D’autre part, le prix à payer est élevé, très élevé même, pour permettre à un Président désavoué par le peuple français d’aller au terme de 10 années de pouvoir qui ne seront certainement pas gravées dans le marbre des grands mandats présidentiels. À la renonciation à la réforme des retraites, il a fallu ajouter une augmentation des dépenses sociales, pour ne pas dire socialistes, de 8 milliards d’euros, et une augmentation des impôts qui pèsent sur les entreprises, puisque ce gouvernement est incapable d’organiser une quelconque diminution des frais généraux de la nation et de réduire le train de vie de l’État.
Dans un pays qui peut se vanter d’être le champion du monde des prélèvements obligatoires, c’est méconnaître gravement une loi élémentaire : ce sont les entreprises privées qui créent les emplois, et l’on ne devrait distribuer que la richesse que l’on est capable de produire.

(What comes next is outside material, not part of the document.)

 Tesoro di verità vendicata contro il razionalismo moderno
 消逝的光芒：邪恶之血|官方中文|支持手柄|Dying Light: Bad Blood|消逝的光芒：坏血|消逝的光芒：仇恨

Au total, il est certain que « l’Histoire » chère à M. Lecornu ne retiendra de la fin de la Macronie qu’un immense champ de ruines : 10 années perdues pour la France, une France endettée comme jamais et ridiculisée dans le concert des nations, un État abaissé, une autorité évaporée, une insécurité généralisée, des services publics qui ne fonctionnent plus.
Au lendemain des élections municipales, dès la fin mars, les grandes manœuvres pour 2027 vont commencer. Les tenants de la « stabilité » ont promis aux Françaises et aux Français qu’ils auraient droit à une belle et longue campagne électorale, au contraire de ce qu’aurait donné une brève campagne s’ils avaient opté pour une démission de M. Macron après les élections législatives perdues de 2024.
Dans la situation de la France de 2026, qui n’ira pas en s’améliorant dans les mois à venir, j’aimerais me tromper en écrivant que l’on va assister – une fois encore – à un concert de démagogie en total décalage avec les nécessités du redressement de la France, de son économie, de ses finances, qui ne pourra passer que par un choc de confiance.
De cela, nous aurons le temps de reparler.